The geology and structural geology of Mont Terri are described in detail in several recent publications [22,23,24,25,26]. The main geological characteristics that are important to the present work are briefly summarized as follows. The bedding direction of the Opalinus Clay is between N055° to N065°, while the bedding dip is between 50° to 55°SE (Figure 2a). The Main Fault where the injection experiments are being performed is in fact a minor splay. The Main Fault core is a thrust zone, 0.8 to 3 m wide, bounded by two major fault planes, the upper plane trending N066°, dipping SE45° and the lower plane trending N075°, dipping SE40°. Therefore, in some areas, the fault is almost parallel to the bedding, while in others, there is an angle of 10° to 15° between them. A damage zone of variable thickness and other secondary fault zones exist in the vicinity of the Main Fault.

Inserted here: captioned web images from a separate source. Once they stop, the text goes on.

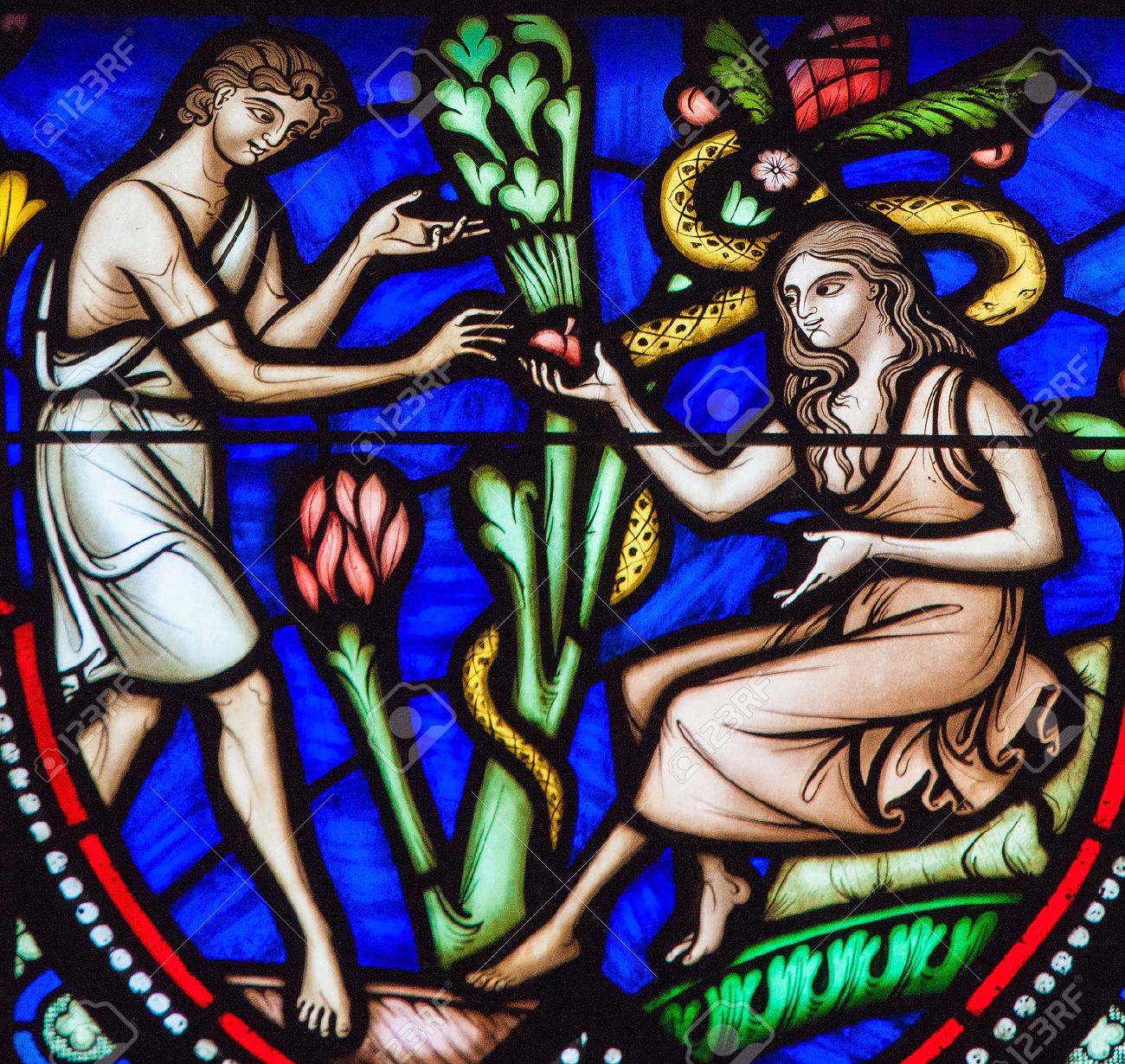 BRUSSELS, BELGIUM - JULY 26, 2012: Adam and Eve eating the Forbidden Fruit in the Garden of Eden on a stained glass window in the cathedral of Brussels. - 54680925 BRUSSELS, BELGIUM - JULY 26, 2012: Adam and Eve eating the Forbidden Fruit in the Garden of Eden on a stained glass window in the cathedral of Brussels. - 54680925
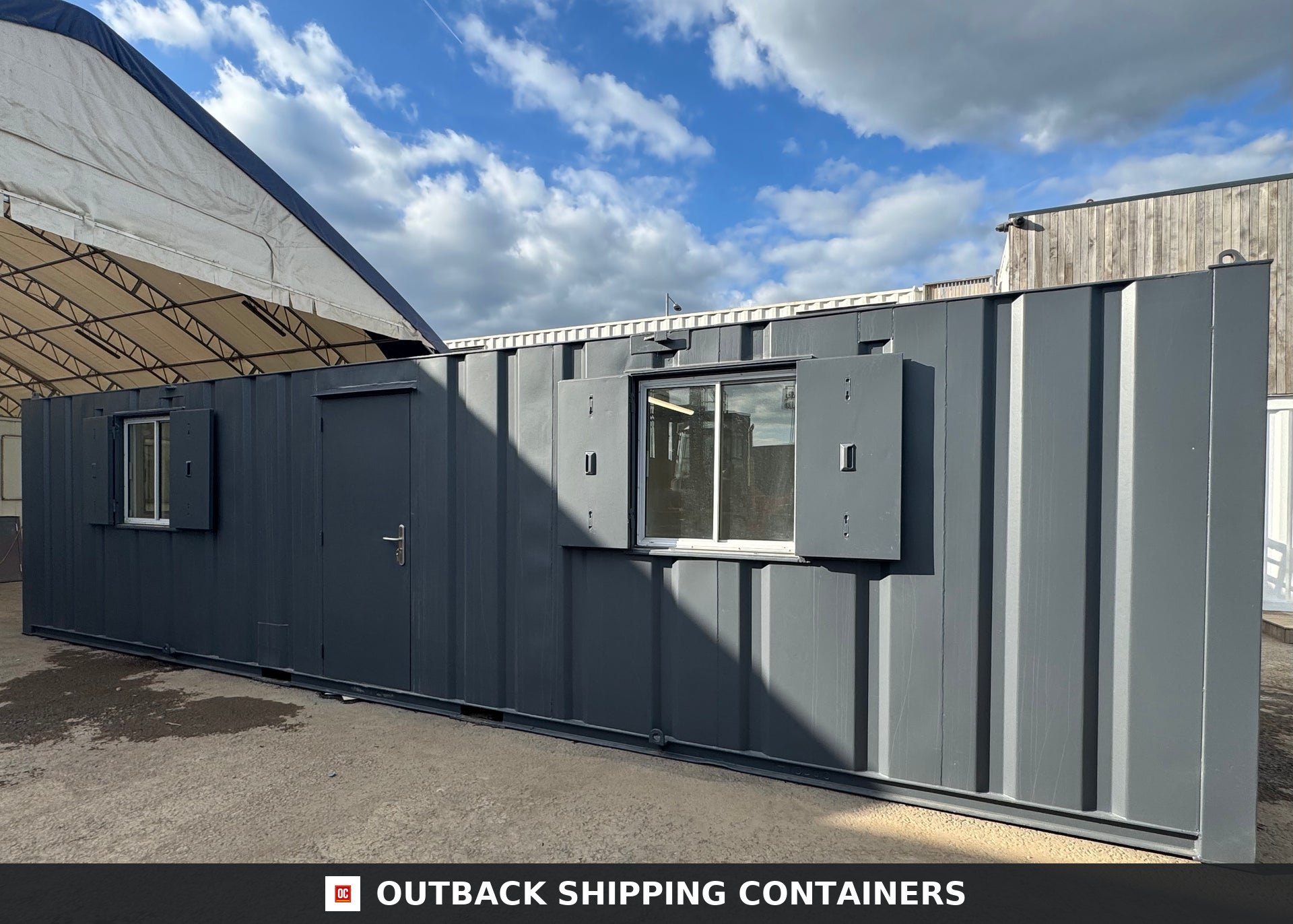 32ft Cabin for Sale — Interior Detail | Outback Shipping Containers 2 3 Refurbished 32ft anti-vandal portable cabin in dark grey with steel shutters and single personnel door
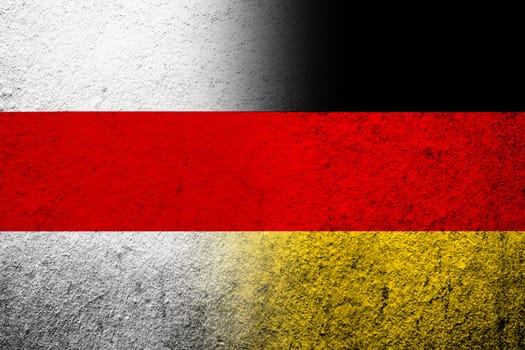 The national flag of Germany with White-red-white flag of Belarusian Democratic Republic, Belarus. Grunge background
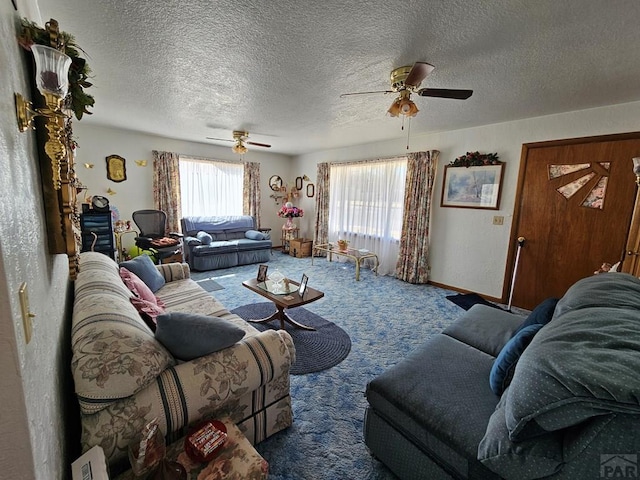 carpeted living room featuring a textured ceiling, baseboards, and ceiling fan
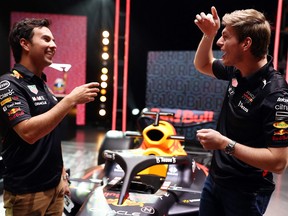 A handout photograph taken on January 26, 2022 and released on February 9, 2022 by Red Bull shows Formula one Red Bull's Dutch driver Max Verstappen (R) and Red Bull Racing and Formula one Red Bull's Mexican driver Sergio Perez (L), speaking during the launching presentation of the new Red Bull Racing RB18 car at Red Bull Racing Factory, in Milton Keynes, England.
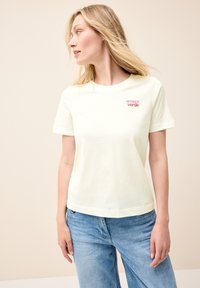 T-shirt en coton jaune clair à manches courtes, décolleté rond et logo "amore verde" brodé en rose sur la poitrine. Design à coupe décontractée.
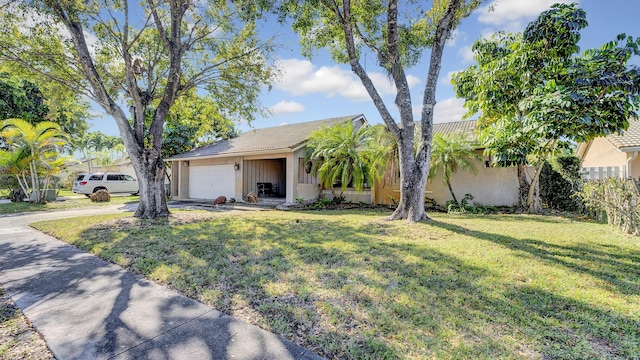 single story home featuring a front yard and a garage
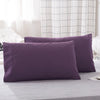 A set of two solid purple microfiber pillowcases resting on a gray bed with a white checkered curtain in the background.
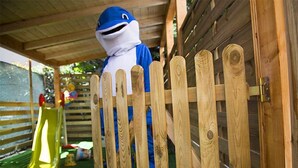 A wooden fence with a person in a blue and white costume partially obscured behind it. - Hotel Miramare (Mondolfo)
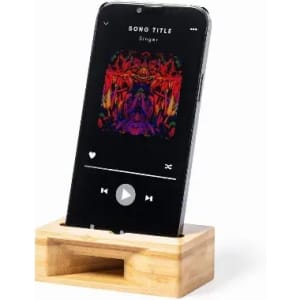 A phone stand made of natural wood holding a smartphone displaying a colourful music player interface.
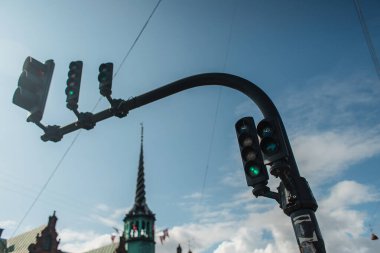 Low angle view of traffic lights with cloudy sky at background on urban street in  Copenhagen, Denmark  clipart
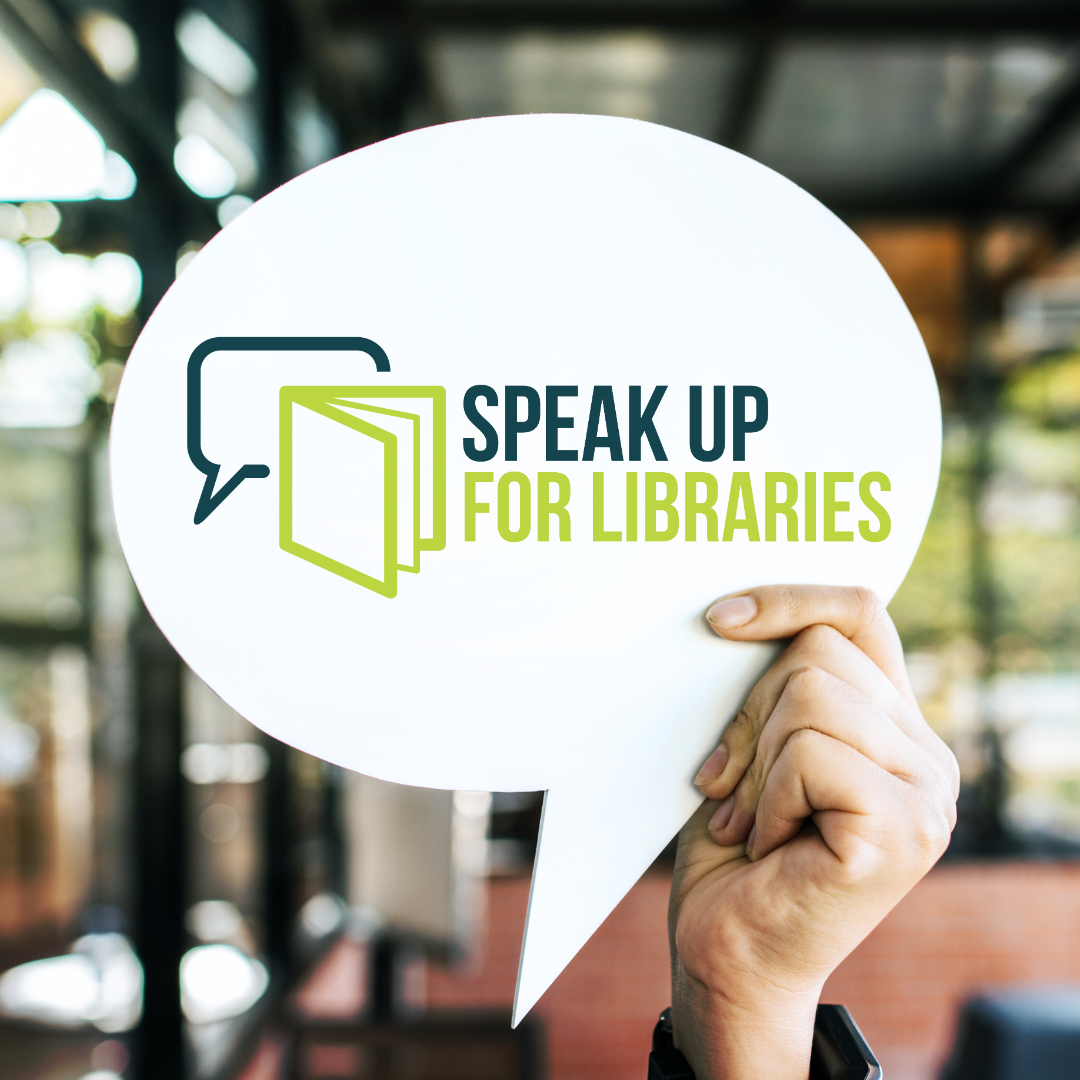 Hand holding a sign in the shape of a speech bubble with the Speak Up For Libraries logo on it with a book icon overlapping a speech bubble icon.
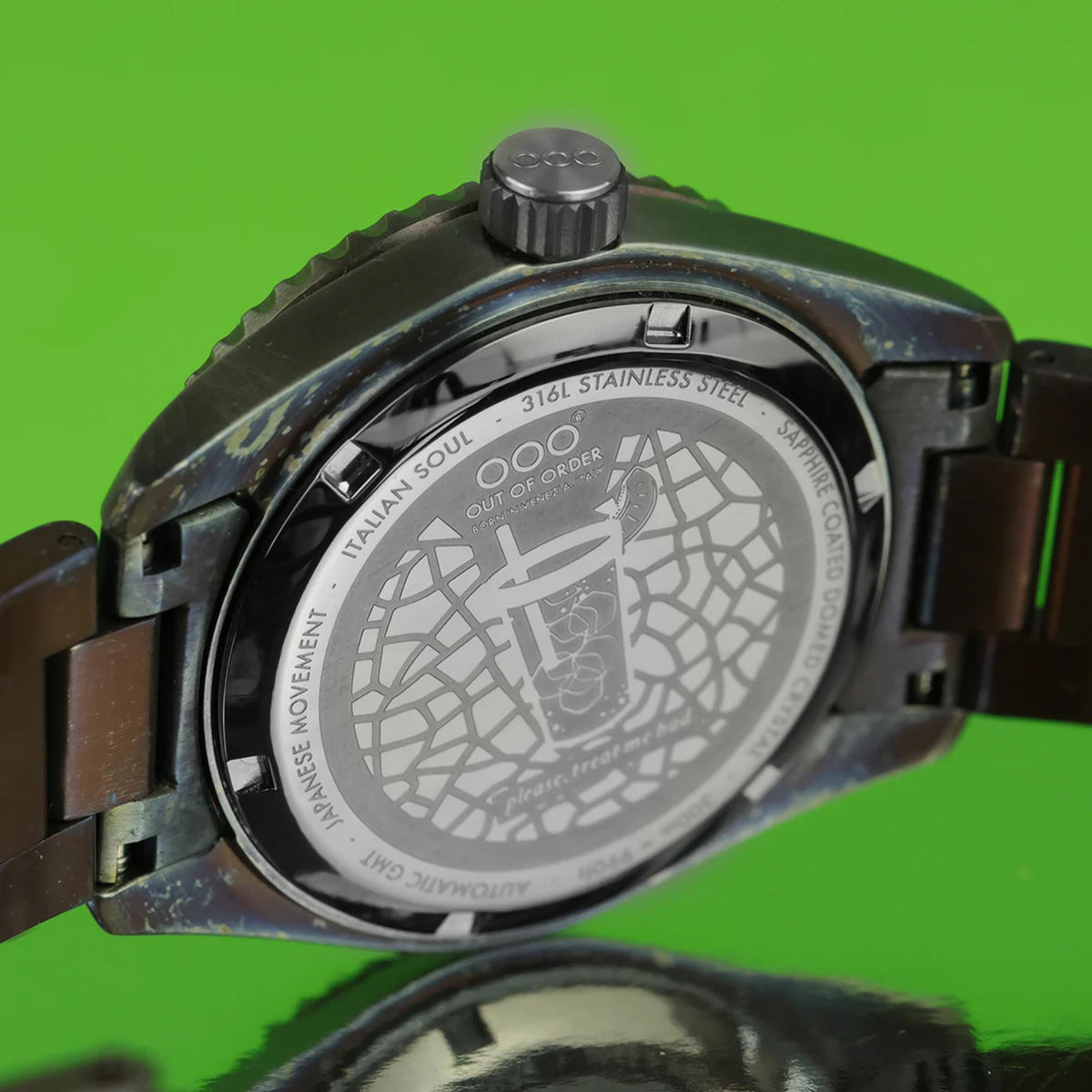 Stainless steel watch caseback with engraved pattern and text over the rear window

Several injection tests were performed in packed-off intervals of vertical boreholes that intersect the fault core and the secondary faults [27]. The equipment used for the tests consists of surface equipment for conducting the tests and acquire the data, and a unique high-pressure pulse probe (HPPP) borehole deformation tool (Figure 2b). The packed-off interval is pressurized (by water) and the probe measures deformation in both normal and shear displacement modes at high sampling rate (~500 Hz). Nano-seismic monitoring arrays were also installed proximal to the experiment to determine source locations of slip events. A total of five injection tests were conducted beneath, within and above the Main Fault during the two measurement campaigns of June and October/November 2015. During all tests, pore pressure was monitored at three locations around the Main Fault (boreholes BFS4, 5 and 6) and induced seismicity was monitored at borehole BFS3 at two depths; 43.9 m (Main Fault footwall) and 35.9 m (Main Fault hanging wall damage zone). All measurements were synchronized. In this paper we will focus on the injection test performed at the packed-off section at 37.2 m depth of borehole BSF2 that crosses a secondary fault. The test was performed using the SIMFIP (Step-Rate Injection Method for Fracture In-Situ Properties) probe straddle packer interval set across a secondary fault zone in the Main Fault hanging wall. The displacement sensor is centered at 37.2 m depth below the Mont Terri gallery 2008 floor. The fault zone contains twelve striated planes, most of them oriented N030°-to-N060° dipping 50°-to-70°SE. During the test, the injection pressure is increased step-by-step in the chamber with an engine pump. Flow-rate, injection chamber pressure and borehole displacement variations are monitored at a 500 Hz sampling frequency.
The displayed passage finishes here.